# About this exercise
Of the lines below, write out exactly those from the line with "تفاوت میل جنسی و ارگاسم در زنان" through the line with "Profile Picture of", both included, and skip the rest.

# Provided entries
□ □ □ □ □

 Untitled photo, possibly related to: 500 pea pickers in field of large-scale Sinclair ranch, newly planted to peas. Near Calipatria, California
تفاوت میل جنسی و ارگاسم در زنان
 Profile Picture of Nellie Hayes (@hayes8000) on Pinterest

□ □ □ □ □

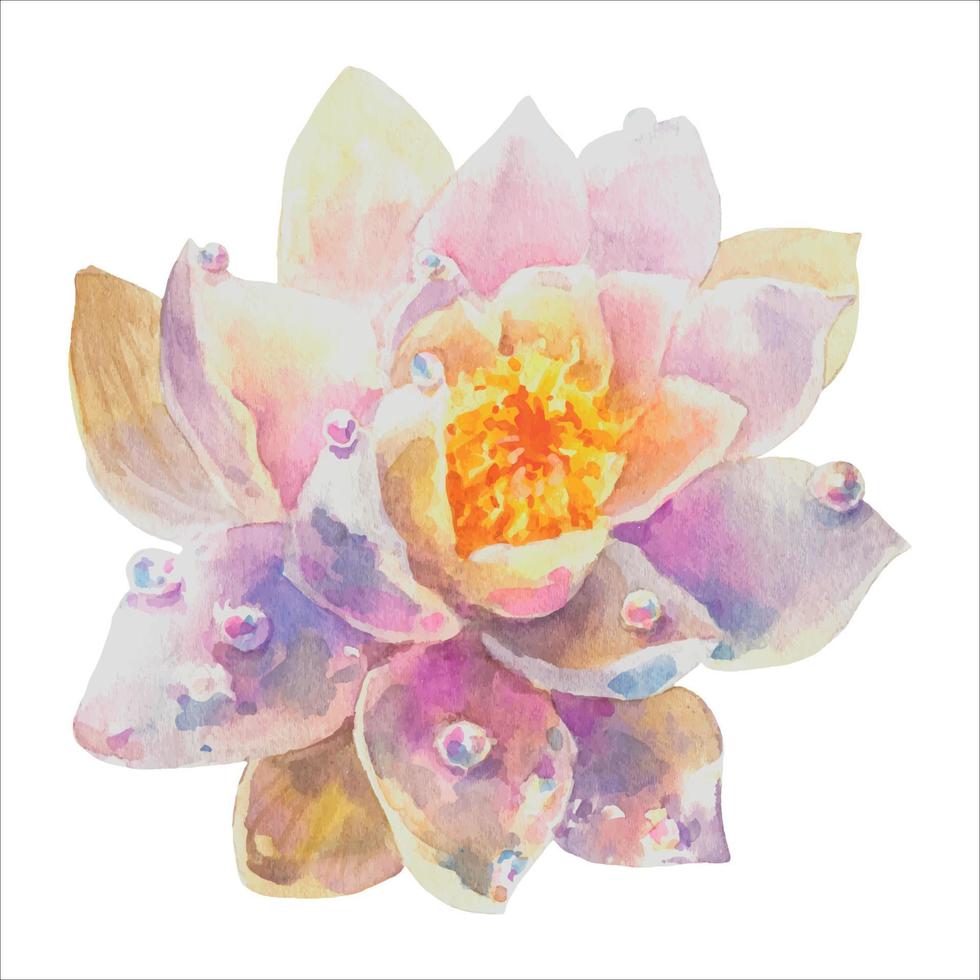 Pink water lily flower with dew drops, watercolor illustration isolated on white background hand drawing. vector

□ □ □ □ □

# Result for this task
تفاوت میل جنسی و ارگاسم در زنان
 Profile Picture of Nellie Hayes (@hayes8000) on Pinterest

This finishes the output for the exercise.